RL-suite Overview
Welcome to the RL-suite documentation! This suite is designed to provide comprehensive resources for developing and testing reinforcement learning algorithms with a focus on space robotics. Below you will find links to various sections of our documentation, including installation instructions, examples, task details, development guides, and benchmarks.
Table of Contents
- Installing the suite: Step-by-step guide on how to get the RL-suite up and running on your system.
- Examples of using the suite: A collection of examples showcasing the capabilities of the RL-suite and how to use it for your projects.
- Task Details: Detailed descriptions of the tasks available within the suite, including their objectives, input/output specifications, and evaluation metrics.
- Developing new tasks and adding assets: Guidelines on how to extend the RL-suite by developing new tasks or adding new assets.
- Benchmarks: Benchmark results for different reinforcement learning algorithms using the tasks provided in the suite.
Getting Help
If you encounter any issues or have questions regarding the RL-suite, please don't hesitate to reach out by emailing me at abmoRobotics@gmail.com.
Thank you for exploring the RL-suite.
Installation Guide
This guide provides detailed instructions for setting up the RL-suite using Docker, which simplifies the installation process of Isaac Sim, Isaac Lab, and our suite. Additionally, we provide steps for native installation.
Prerequisites
Before you begin, ensure your system meets the following requirements:
Hardware Requirements
- GPU: RTX GPU with at least 8 GB VRAM (Tested on NVIDIA RTX 3090 and NVIDIA RTX A6000)
- CPU: Intel i5/i7 or equivalent
- RAM: 32GB or more
Software Requirements
- Operating System: Ubuntu 20.04 or 22.04
- Packages: Docker and Nvidia Container Toolkit
Installation
There are two ways to install the RL-suite: using Docker or natively.
The steps for each method are outlined in the following pages:
Installation Using Docker
Prerequisites
-
.Xauthority for graphical access: Run the following command to verify or create .Xauthority.
[ ! -f ~/.Xauthority ] && touch ~/.Xauthority && echo ".Xauthority created" || echo ".Xauthority already exists"
-
Nvidia Container Toolkit: see nvidia-container-toolkit
After installing the toolkit remember to configure the container runtime for docker using
sudo nvidia-ctk runtime configure --runtime=docker sudo systemctl restart docker
You may need to allow docker to access X server if you want to use the GUI:
xhost +local:docker
-
Login to NGC
- Generate NGC API Key
- Login with the NGC API as password
Username: $oauthtoken Password:
-
Docker Compose:
- Install Docker Compose
- Verify using
docker compose version
Building the Docker Image
- Clone the repository and navigate to the docker directory:
git clone https://github.com/abmoRobotics/RLRoverLab cd RLRoverLab/docker
- Download terrains from Google Drive:
- Download from Google Drive: https://drive.google.com/file/d/1VXFTD2OgHcsQL_ifO81AzD2HDkA98h93/view?usp=sharing
- Unzip files in root folder of the git repository
- Build and start the Docker container:
./run.sh docker exec -it rover-lab-base bash
- Training an Agent Inside the Docker Container
To train an agent, use the following command inside the Docker container:
cd examples/02_train /workspace/isaac_lab/isaaclab.sh -p train.py --task="AAURoverEnv-v0" --num_envs=256
Native Installation
If you prefer to install the suite natively without using Docker, follow these steps:
-
Install Isaac Sim 4.5 According to the Official Documentation.

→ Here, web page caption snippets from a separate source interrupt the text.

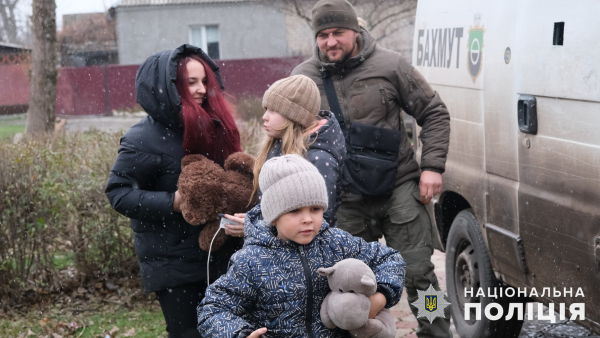 Евакуація на Донеччині - із селища Вдале виїхала жінка з двома дітьми - 27 грудня 2024 :: Донеччина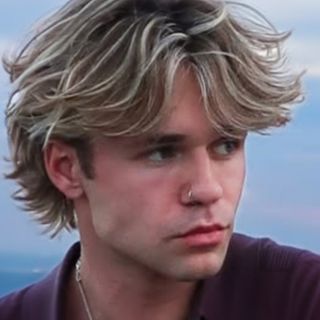 Vik White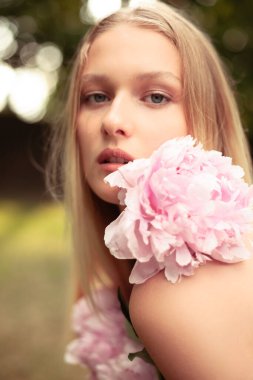 çiçekli güzel sarışın.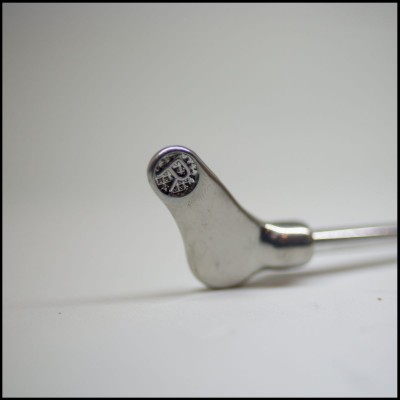 Chave de fendas metálica com extremidade redonda e gravada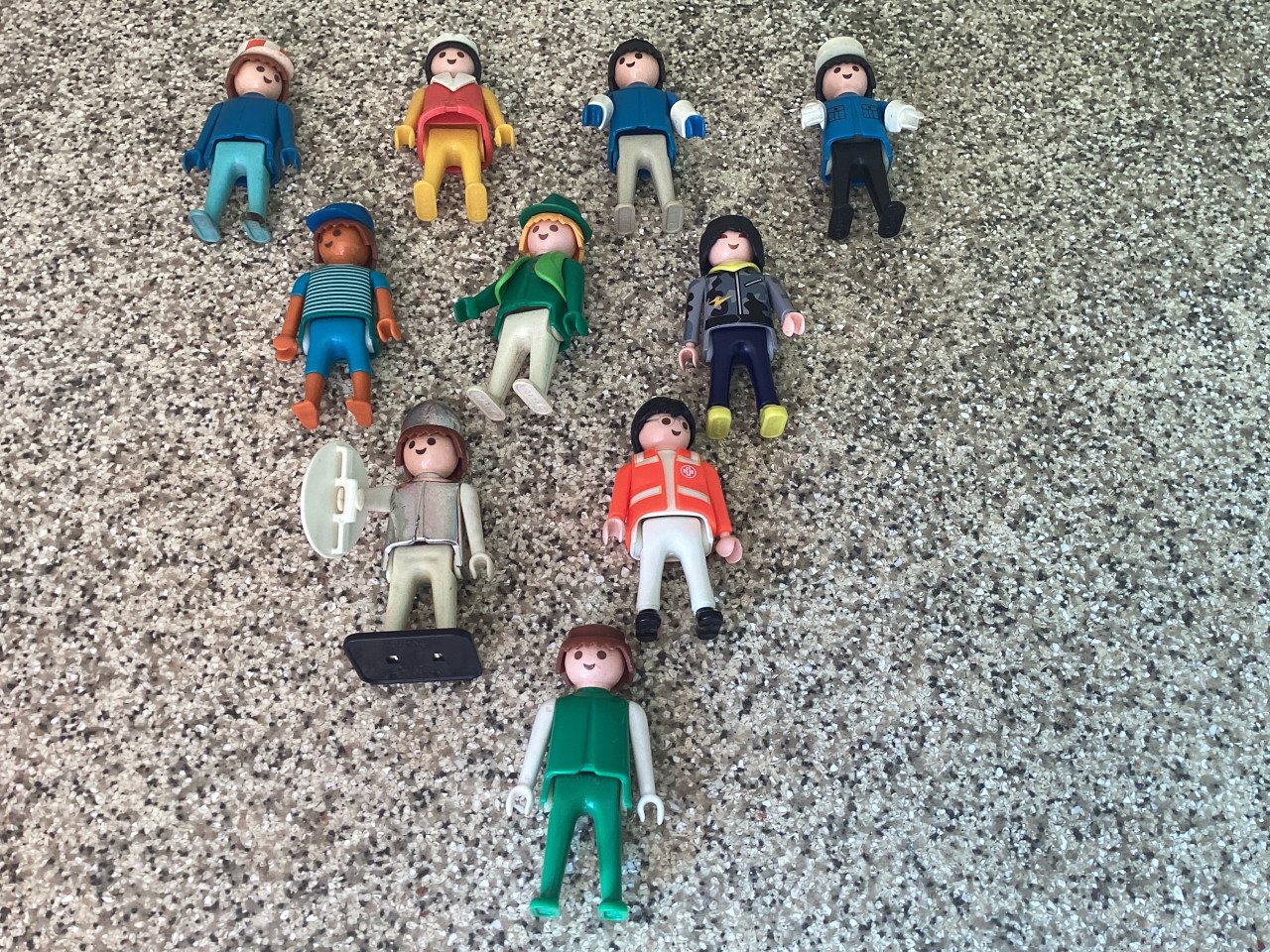 60 verschillende Playmobil poppetjes.
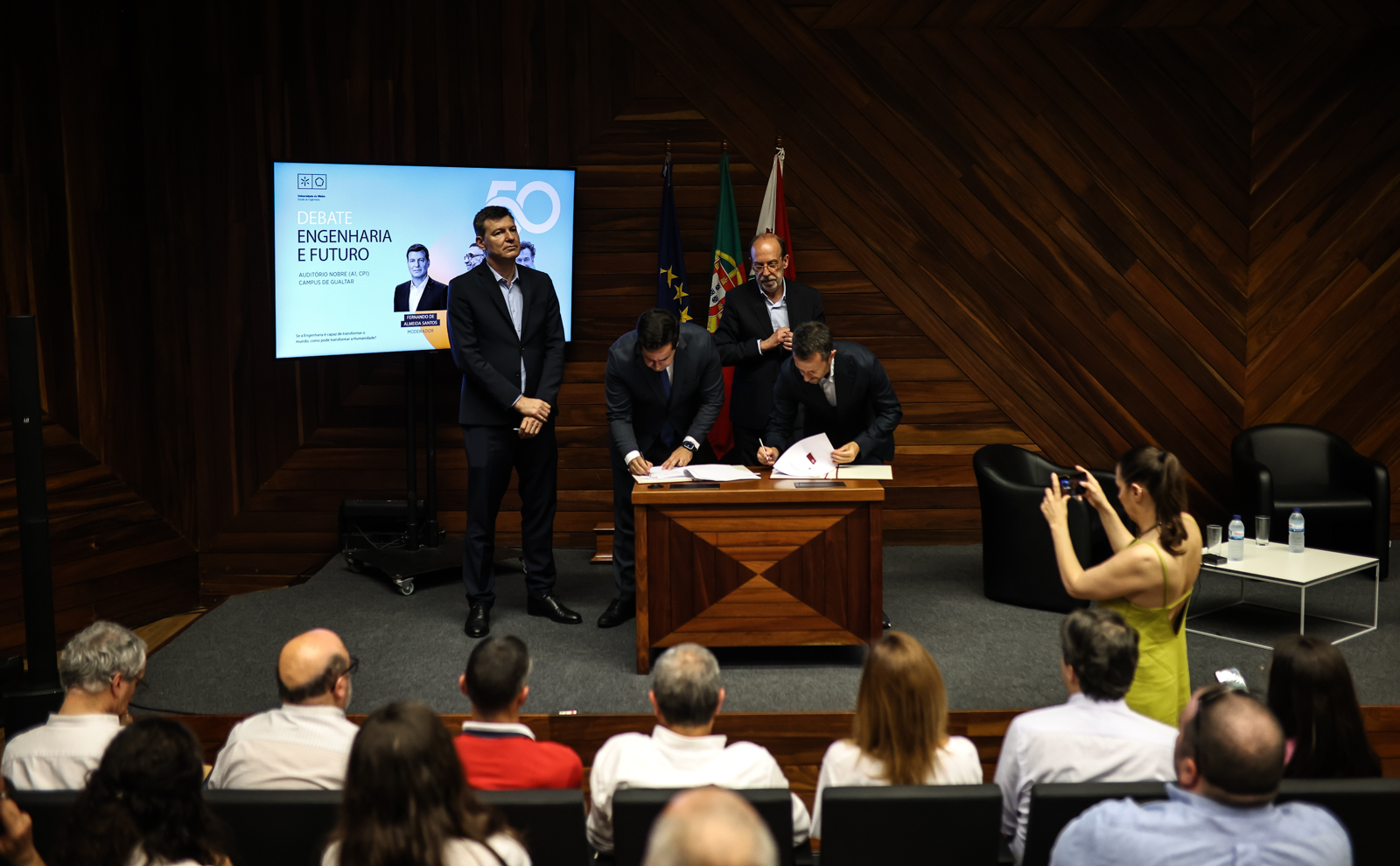 Imagem número 6 da galeria Protocolo + Debate: Engenharia e Futuro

First Download the Isaac Sim 4.5 to the
~/Downloads
directory.Then run the following commands:
mkdir ~/isaacsim cd ~/Downloads unzip "isaac-sim-standalone@4.5.0-rc.36+release.19112.f59b3005.gl.linux-x86_64.release.zip" -d ~/isaacsim cd ~/isaacsim ./post_install.sh ./isaac-sim.selector.sh
-
Install Isaac Lab
git clone https://github.com/isaac-sim/IsaacLab cd isaac_lab # create aliases export ISAACSIM_PATH="${HOME}/isaacsim" export ISAACSIM_PYTHON_EXE="${ISAACSIM_PATH}/python.sh" # Create symbolic link ln -s ${ISAACSIM_PATH} _isaac_sim # Create Conda Env ./isaaclab.sh --conda isaaclab_env # Activate Env conda activate isaaclab_env # Install dependencies conda --install
-
Set up the RL-suite:
# Clone Repo git clone https://github.com/abmoRobotics/RLRoverLab cd RLRoverLab # Install Repo (make sure conda is activated) python -m pip install -e .[all]
-
Running The Suite
To train a model, navigate to the training script and run:
cd examples/02_train/train.py python train.py
To evaluate a pre-trained policy, navigate to the inference script and run:
cd examples/03_inference_pretrained/eval.py python eval.py
We provide a number of examples on how to use the suite, these can be found in the examples directory. Below we show how to run the files.
Training a new agent
In the example we show how to train a new agent using the suite:
# Run training script or evaluate pre-trained policy
cd examples/02_train/train.py
python train.py --task="AAURoverEnv-v0" --num_envs=128
Using pre-trained agent
# Run training script or evaluate pre-trained policy
cd examples/03_inference_pretrained
python eval.py --task="AAURoverEnv-v0" --num_envs=128
Recording data
# Run training script or evaluate pre-trained policy
cd examples/03_inference_pretrained
python record.py --task="AAURoverEnv-v0" --num_envs=16
Adding new assets
To integrate a new robot asset into your project, please follow the steps outlined below. These steps ensure that the asset is correctly added and configured for use in ORBIT.
Step 1: Collect the Asset
Begin by collecting the necessary asset within Isaac Sim. You do this by right clicking your robot USD file, and click collect as illustratred in the figure below.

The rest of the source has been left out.